Week of March 13, 2006


Kirpan decision affirms religious freedom


By DEBORAH GYAPONG
Canadian Catholic News
Ottawa


Lawyers say the recent Supreme Court of Canada (SCOC) decision upholding the right of a Sikh student to wear a kirpan to a Quebec public school is a positive affirmation of religious freedom.

"It is gesture in favour of pluralism and accommodation of religious differences," says constitutional lawyer Peter Lauwers, who has intervened on behalf of religious groups on a variety of religious freedom issues before the courts.

Rights violated

In the March 2 unanimous decision, the SCOC ruled the public school's kirpan ban violated the student's rights under the charter.

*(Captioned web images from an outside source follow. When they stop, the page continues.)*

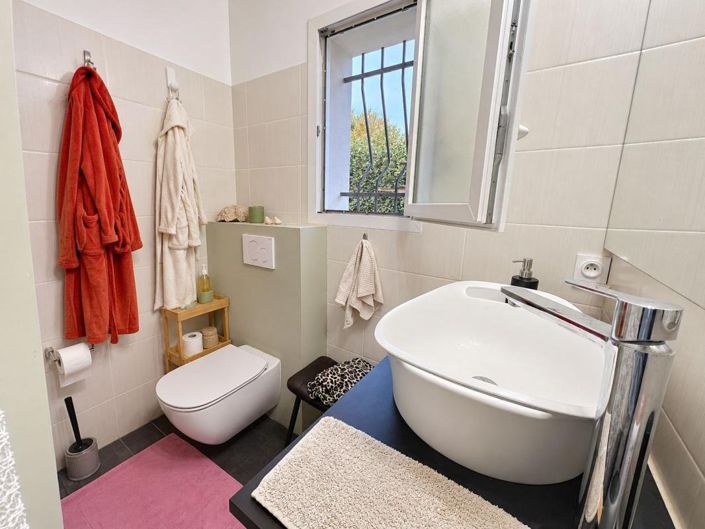 Image No.14-3 Bed House for sale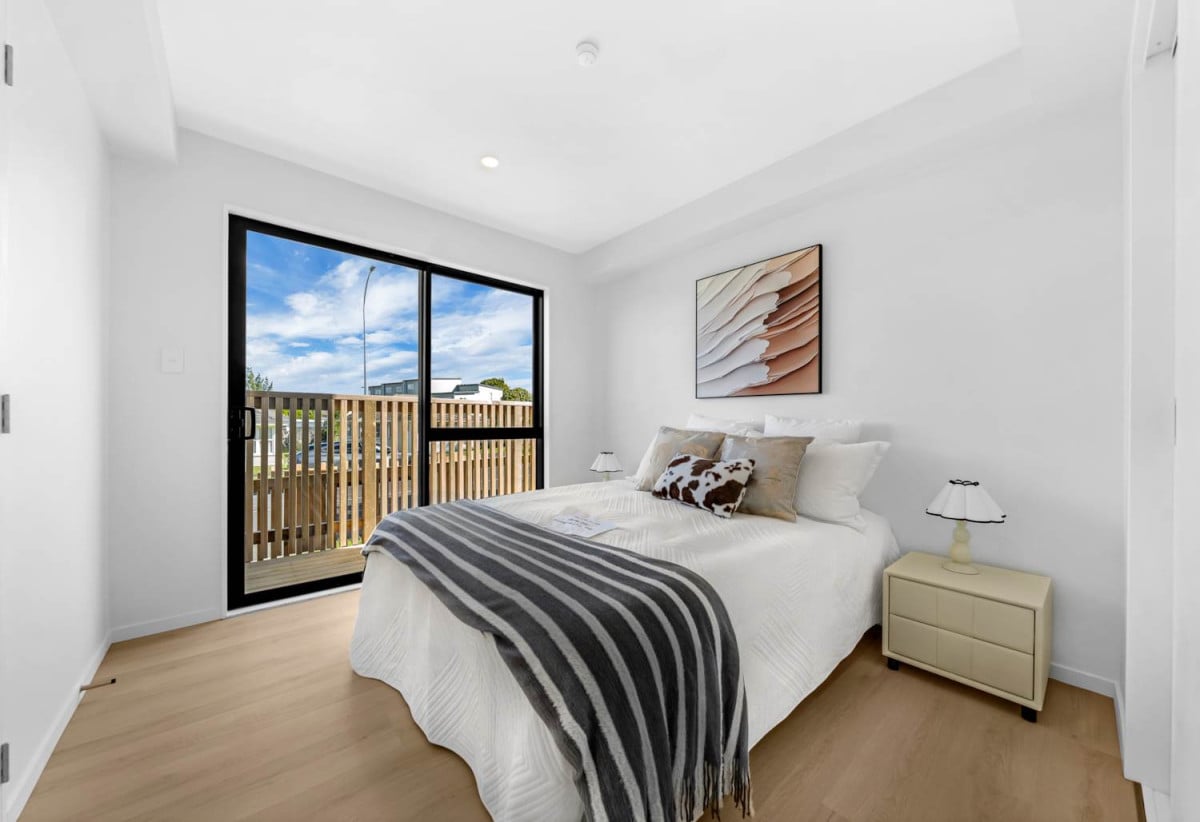 Brandnew 3 beds 3 baths home with garage, Downstairs Ensuite Bedroom with Separate Access, Walk to schools, supermarkets, cafes, and parks, Lot 5/50 Farringdon Street, Glen Innes, Auckland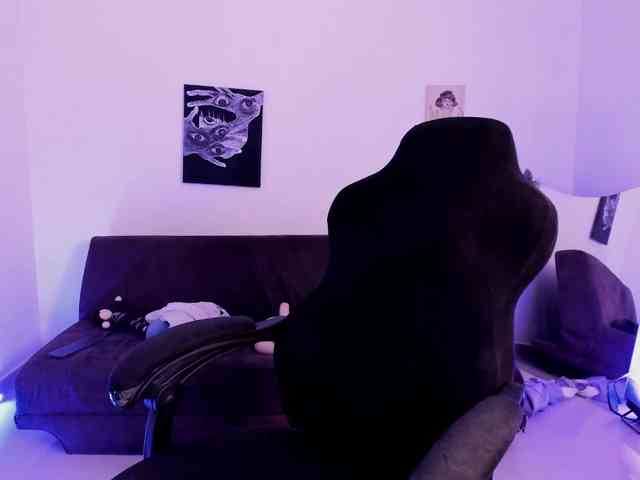 Lizzy-c-e-e webcam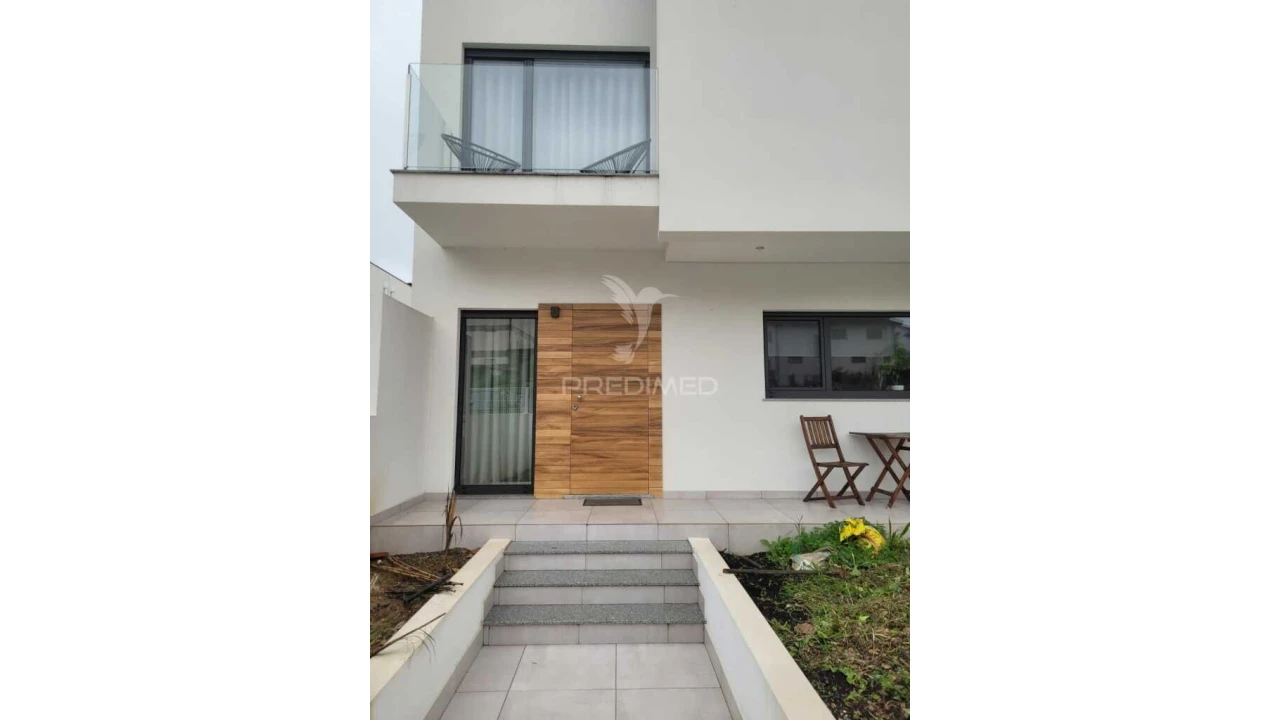 Moradia T3 para Venda em Ribeirão Foto 5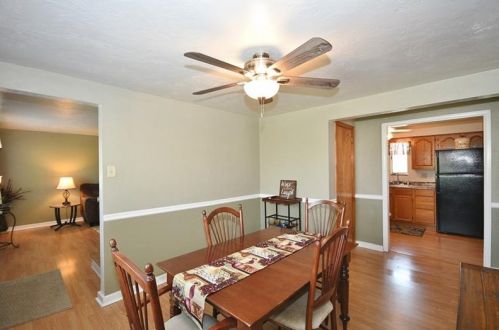 926 Agnew Rd, Pittsburgh PA 15227-3902 exterior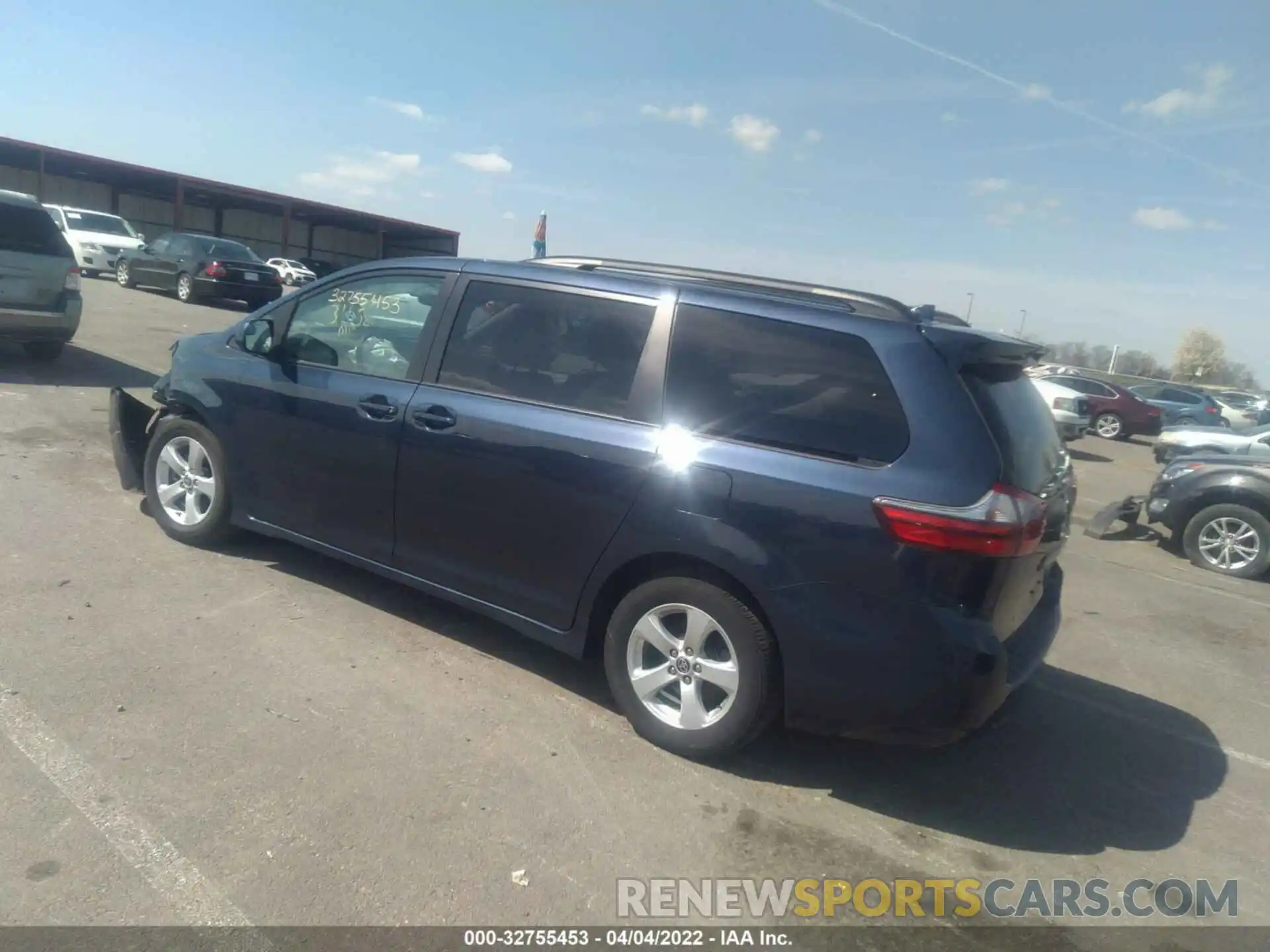 3 Фотография поврежденного автомобиля 5TDKZ3DC1LS075652 TOYOTA SIENNA 2020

"The interference with G's freedom of religion is neither trivial nor insignificant, as it has deprived him of his right to attend a public school," says the decision written by Justice Louise Charron. The school commissioners had prohibited kirpans for safety reasons after the dagger fell out of then 17-year-old Gurbaj Singh Multani's clothes four years ago.

Lauwers says outward signs of the religion have to be tolerated and would extend to crosses, stars of David and other religious symbols.

The court did say the school could place restrictions on the kirpan for safety reasons, for example making sure it is blunt, sheathed and sewn inside the boy's clothing.

Lauwers sees the decision as beneficial for Catholics attending public schools because it would make it difficult for the school to prohibit religious symbols or T-shirts.

If a restriction on religious practice has the effect of driving someone out of the public schools, the court has said in this case it's an infringement of Section 2 (a) of the charter, he said.

The decision has been highly controversial, especially in Quebec, where the majority population tends to be more secularist.

Quebec writer Brigitte Pellerin in a March 7 Ottawa Citizen column describes Quebec reaction to the ruling as "overwhelmingly negative."

Quebec reaction

"Outside Quebec, Canadian society is so worried about, in the words of the Supreme Court, 'showing respect to its minorities' that it's forgetting what made Canada Canadian," she writes.

"What the court is saying is that any religious belief held with sufficient intensity, whether mainstream or highly idiosyncratic, confers immunity from normal rules of tort, public safety or anything else."

"Many Sikhs believe that carrying a purely symbolic kirpan is enough. But what if a religion really does mandate carrying, say, a gun? Or polygamy?"